Word for word, transcribe the lines below and drop the pictures.

(Given records begins)

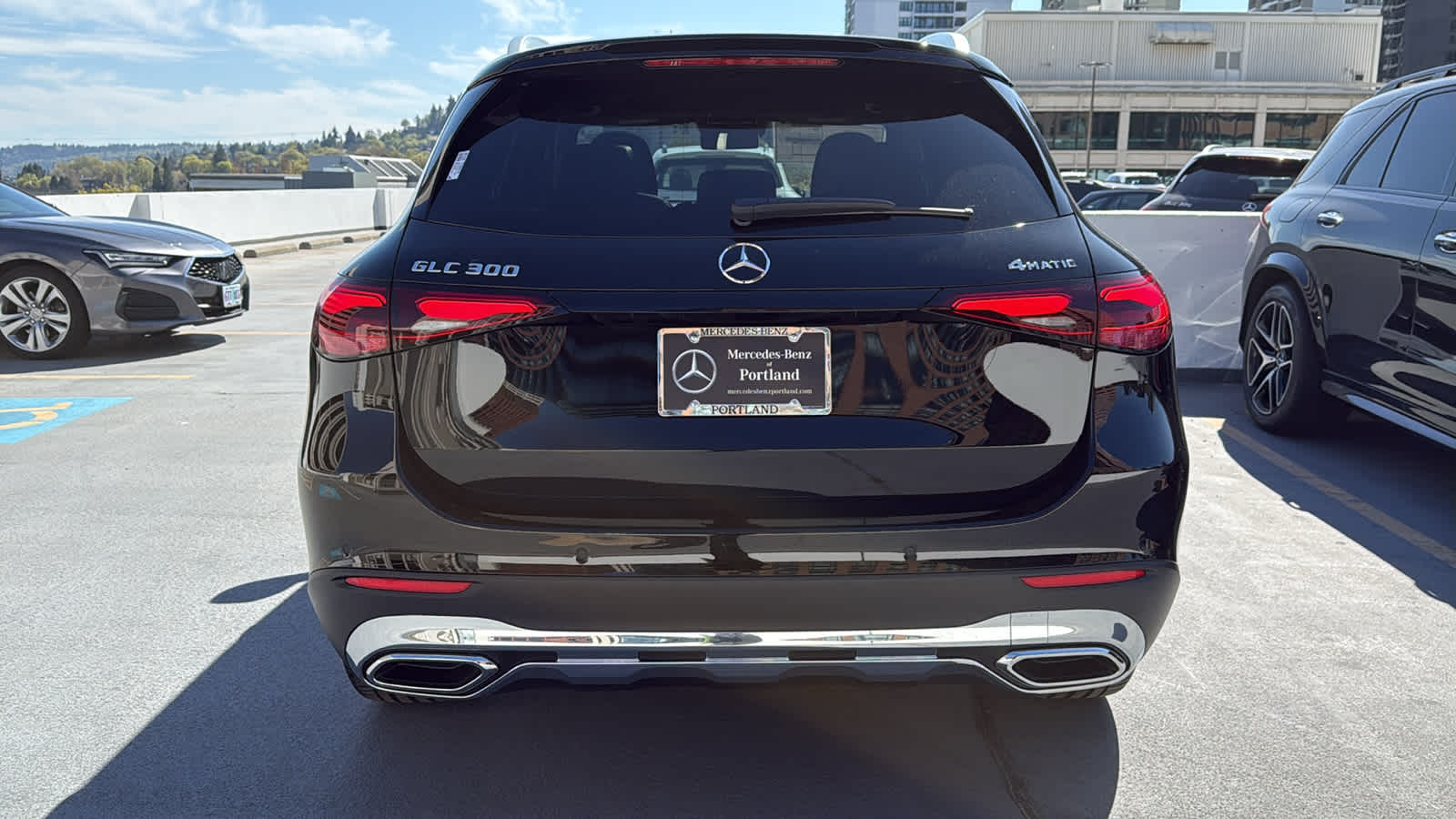 Thumbnail: 2026 Mercedes-Benz GLC - 7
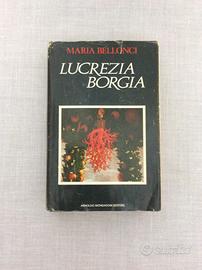 Libro "Lucrezia Borgia" o "Sissi"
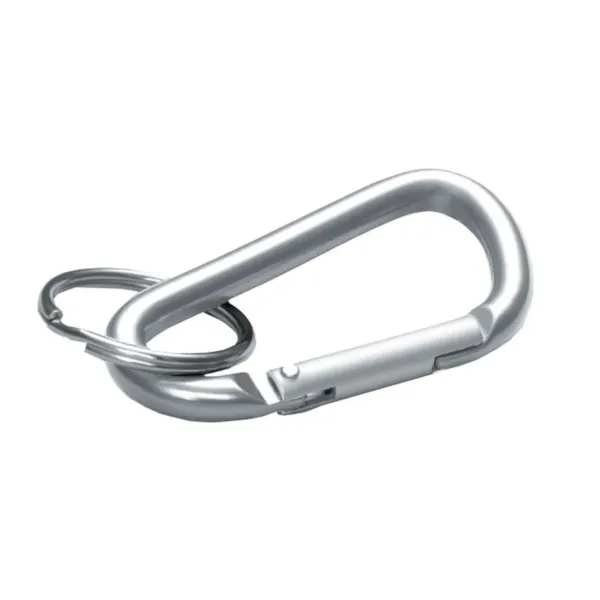 LG C-CLIP  ALUMINM  SILVER  10/PK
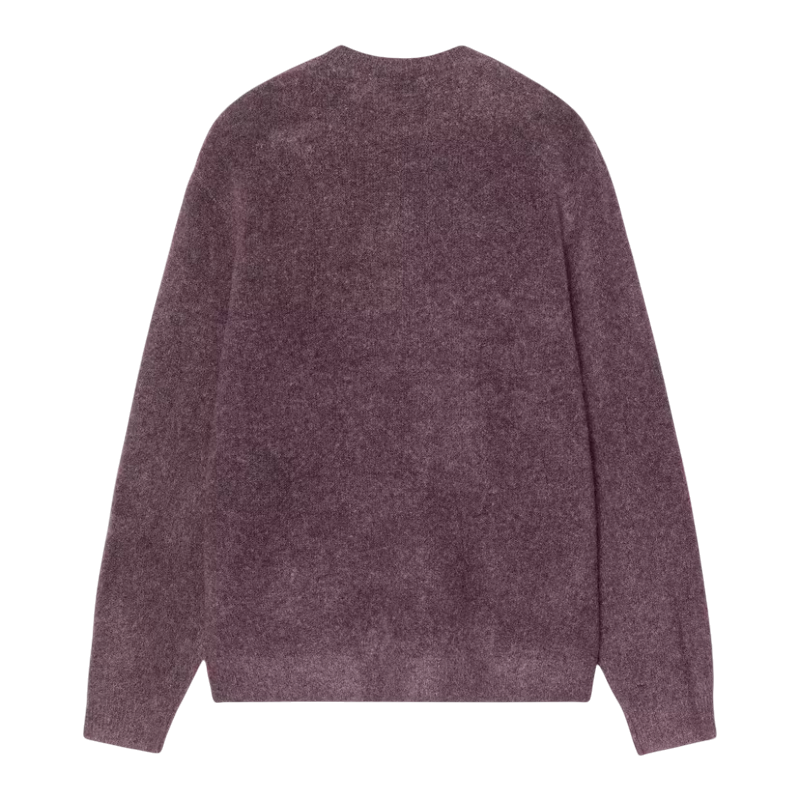 CARHARTT CURTIS SWEATER VIOLET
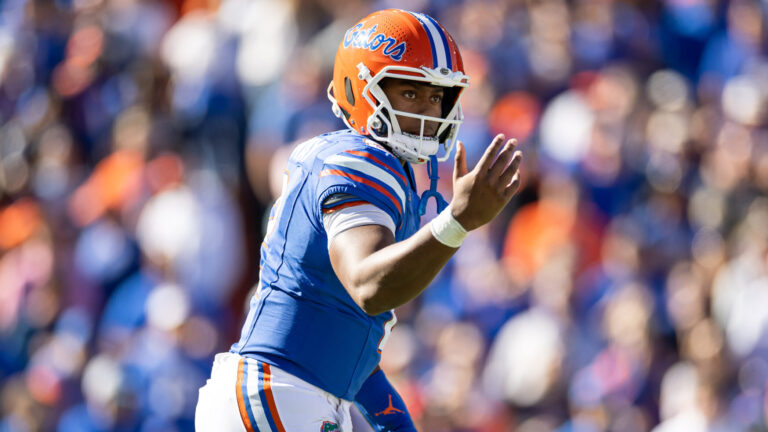 14) Florida Gators
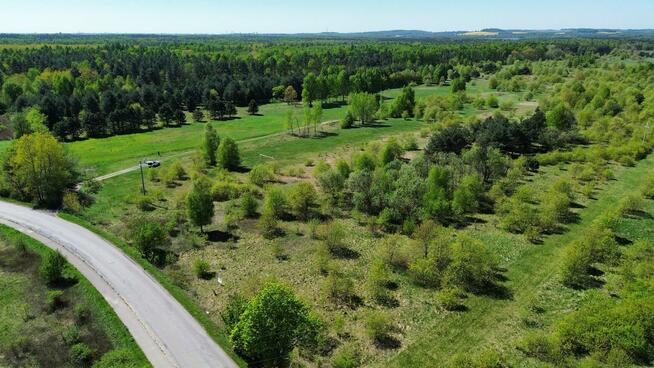 Sączów, działka rolno-budowlana pod zabudowę mieszkaniową i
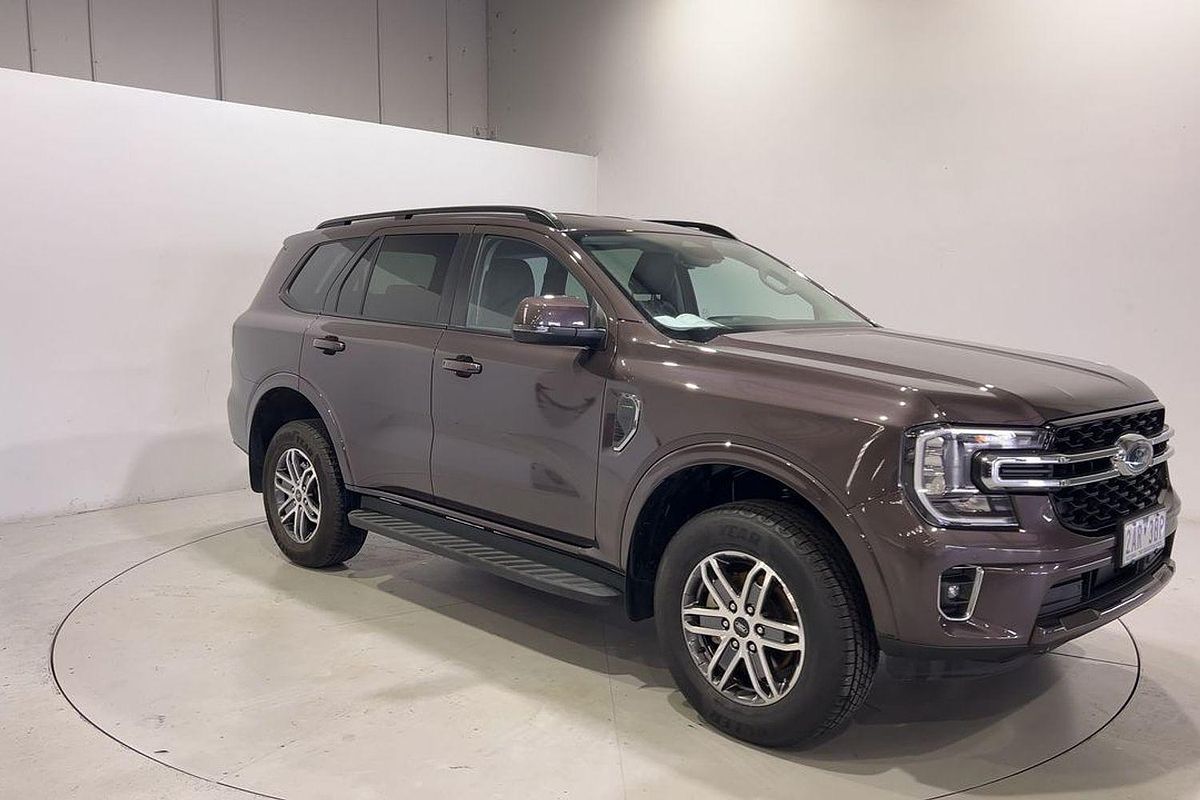 2024 Ford Everest Trend 2.0L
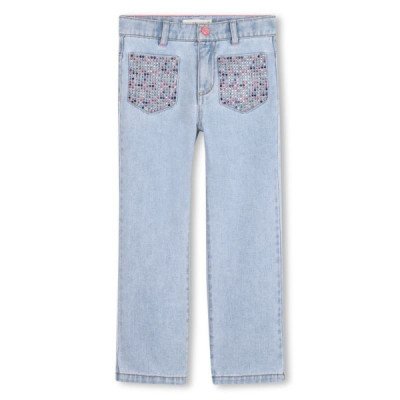 Calça Jeans BILLIEBLUSH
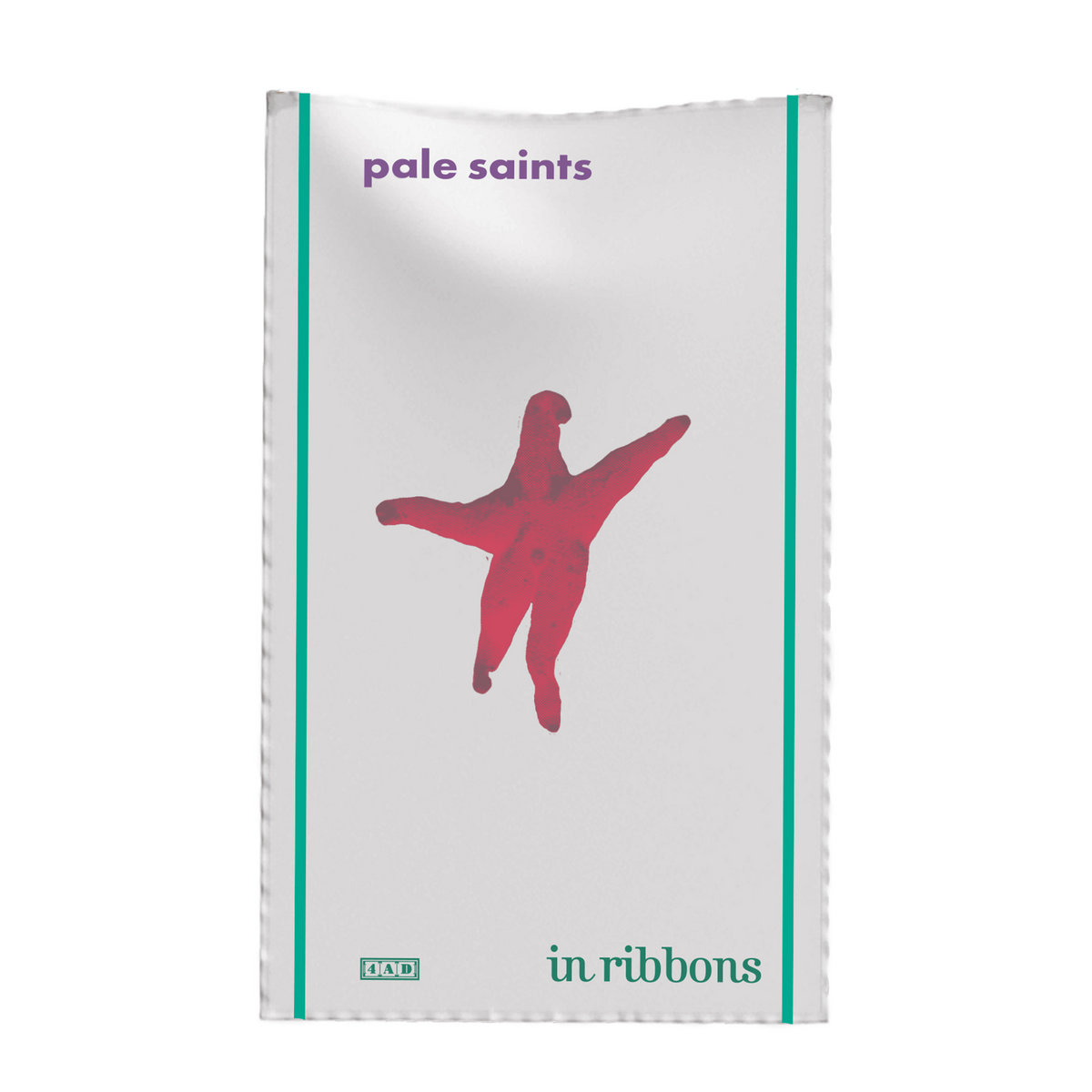 In Ribbons Tea Towel | Pale Saints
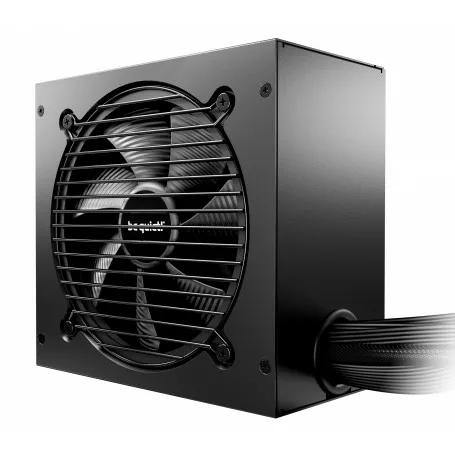 Be Quiet! PURE POWER 12 550W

(Given records ends)

:: Written reply ::
 Thumbnail: 2026 Mercedes-Benz GLC - 7
 Libro "Lucrezia Borgia" o "Sissi"
 LG C-CLIP  ALUMINM  SILVER  10/PK
 CARHARTT CURTIS SWEATER VIOLET
 14) Florida Gators
 Sączów, działka rolno-budowlana pod zabudowę mieszkaniową i
 2024 Ford Everest Trend 2.0L
 Calça Jeans BILLIEBLUSH
 In Ribbons Tea Towel | Pale Saints
 Be Quiet! PURE POWER 12 550W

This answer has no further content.